Nikesh Mehta

Counsellor for Foreign Policy and Security

Part of UK in Malaysia

12th April 2012 Kuala Lumpur, Malaysia

Malaysia, Truly Asia

In my first blog three months ago, I wrote about how thrilling this year would be for our bilateral relationship, culminating in a visit by the Duke and Duchess of Cambridge to celebrate Her Majesty The Queen’s Diamond Jubilee. At that stage, I had no idea that we would soon have an equally exciting visit by the British Prime Minister David Cameron. This would be the first visit by a British Prime Minister to Malaysia for 18 years but comes only nine months after Prime Minister Najib’s Guest of Government visit to the UK.

As diplomats around the world will tell you, a visit by their head of government is an exhilarating experience but the weeks running up to it can be nerve racking as you try to strike the right balance with your hosts between protocol and priorities. Everything needs to be nailed down in advance: from the smallest details of what should happen at the official welcoming ceremony in case of a torrential downpour to an agreement on the subjects to be discussed over the course of the visit.

I think we’ve got the balance right between focussing on the bilateral relationship and showcasing some of Malaysia’s highlights. During the course of the Prime Minister’s visit, he will hold talks with Prime Minister Najib in Putrajaya, the country’s picturesque administrative capital named after the first Malaysian Prime Minister, Tunku Abdul Rahman Putra.

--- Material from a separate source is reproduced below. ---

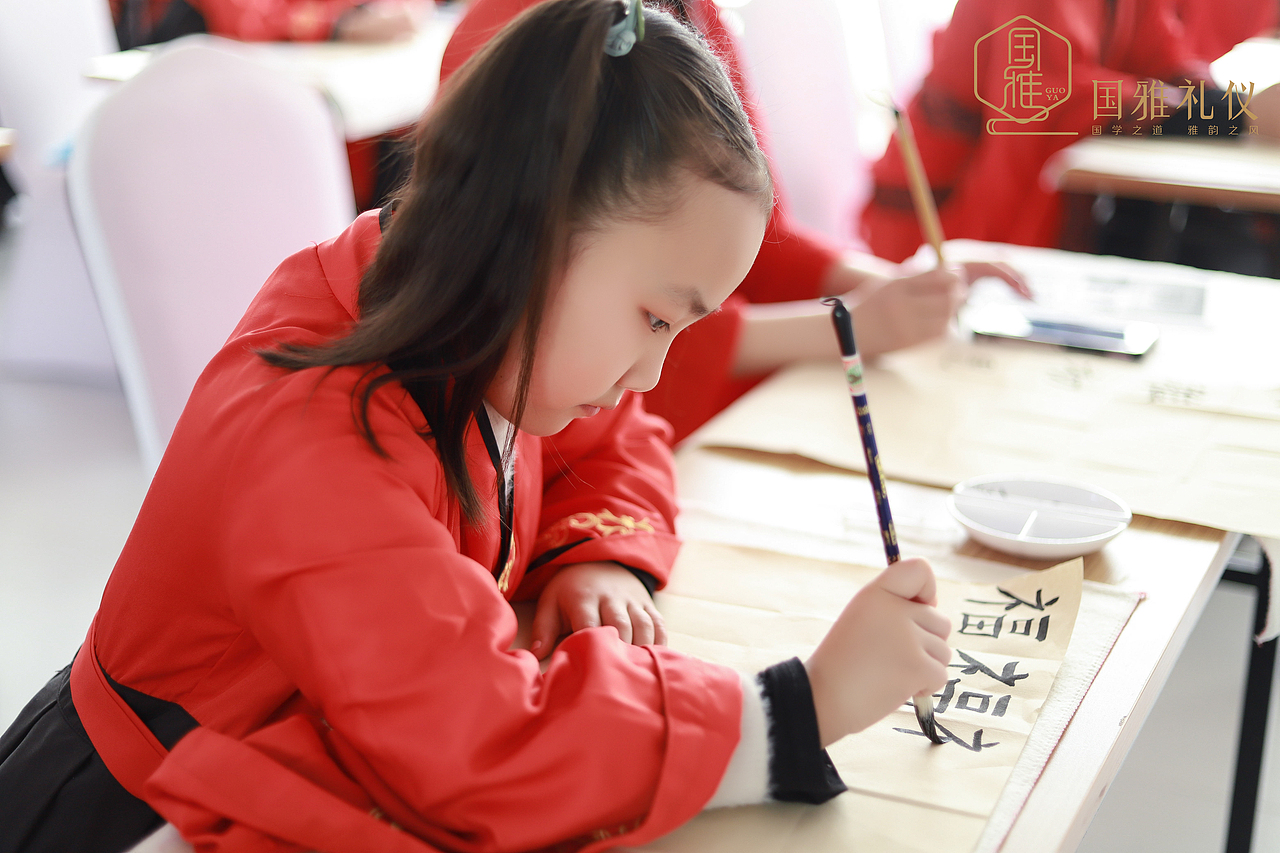 国雅礼仪--初见小雅（图ZMjQyMzQ1ODg0） - 人像摄影 - 站酷设计师国雅礼仪原创素材 - 站酷ZCOOL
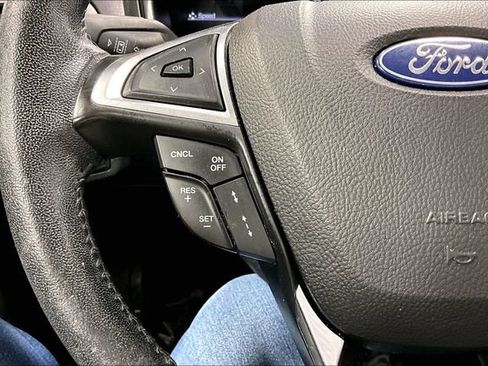 Used 2020 Ford Fusion SEL FWD image 12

The two Prime Ministers will then discuss the Global Movement of Moderates (GMM) with students at the University of Nottingham’s Malaysia Campus. The University of Nottingham was Prime Minister Najib’s alma mater and GMM is his admirable initiative to strike a terminal blow against all forms of extremism around the world. As you might expect in a region of great economic importance, the Prime Minister will also meet some of South East Asia’s biggest investors.

On the key political issues, I think the two leaders will probably want to discuss the continuing violence in Syria and the pace of progress in Burma following Prime Minister Najib’s recent visit.

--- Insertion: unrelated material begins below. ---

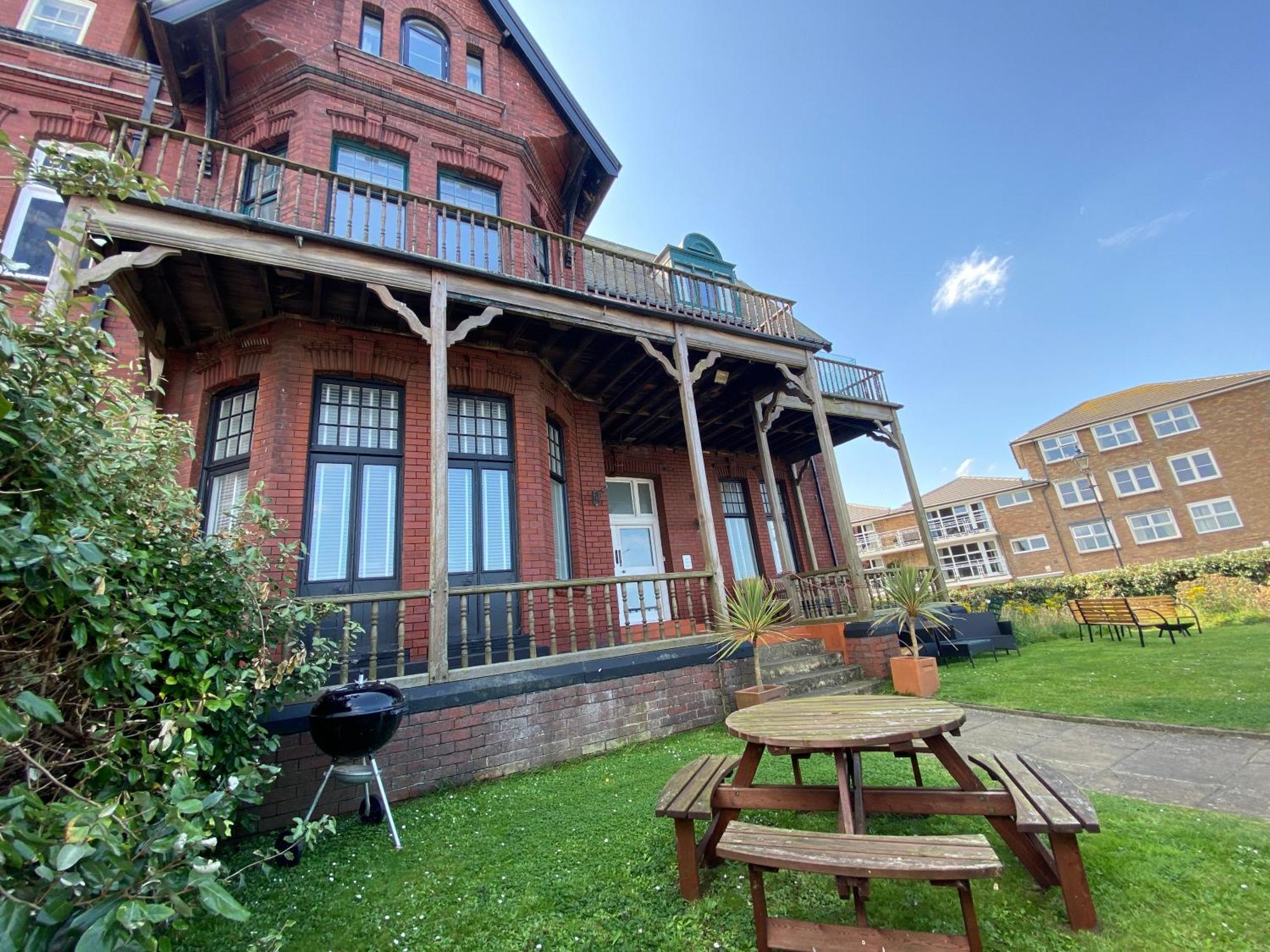 Captain'S Deck Beach Balcony Perfectlysaltburn Exterior foto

So why is the Prime Minister visiting Malaysia at this time? To answer this question, I think it helps to understand the breadth and depth of our bilateral relationship. From trade to education, and from countering extremism to defence, Malaysia is one of our most important global partners.

Did you know, for example, that there are more UK qualifications (48,000) awarded in Malaysia than in any other country? Or that bilateral trade currently stands at around £4bn (the second largest in the region) and is projected to double within three years? Would it surprise you to know that Malaysian companies own Laura Ashley, Wessex Water, Cardiff City Football Club, Queens Park Rangers and Caterham Cars?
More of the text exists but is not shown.